Members may be concerned that H.R. 1108 would expand wild horse and burro populations to all public lands and complicate management of these herds by limiting the methods by which the federal agencies can manage the herds and mitigate the damage done to native plants, wildlife, and rangeland. Currently, the animals roam over 32.6 million acres-an area larger than the State of New York.
Republican Members of the Natural Resources Committee are specifically concerned that "expanding the range of free-roaming horses and burros to all public lands will have devastating impacts on rangeland health, damage riparian areas, and threaten long-term sustainability of native fish and wildlife resources and their habitat." In addition, at markup, GOP amendments were rejected which would have studied the impacts on rangeland before creating new wild horse and burro sanctuaries and balanced the advisory panels by adding members with range management experience in the affected states.

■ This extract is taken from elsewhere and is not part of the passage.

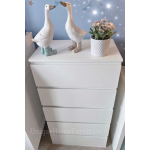 Narrow Chest 5 Drawers Modern White Sideboard Tall Slim Storage Bedroom Cabinet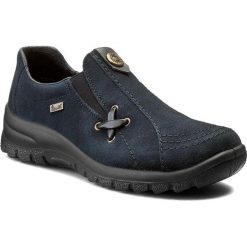 Półbuty RIEKER - L7171-14 Blue. Niebieskie półbuty damskie Rieker, na co dzień, bez wzorów, z zamszu, bez obcasa, na koturnie, bez zapięcia. Za 269,00 zł.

Additionally, the bill includes significant dubious expansions of the federal government. For example, H.R. 1108 would establish a horse census every two years, provides "enhanced contraception" and birth control for horses, and mandates that government bureaucrats perform home inspections before Americans can adopt these animals.
Finally, Members may be concerned that while the national debt is skyrocketing, spending is growing rapidly and unemployment is nearing double digits, Democrats are proposing a $700 million expansion of a wild horse and burro program.
According to CBO, H.R. 1018 would increase costs for the BLM for managing wild horses by "about $200 over the 2010-2014." However, CBO also states that the bill would require BLM to begin acquiring new land, primarily after 2013. According to CBO, the cost of acquiring new land could be as high as $500 million, which would bring the actual cost of the bill to $700 million.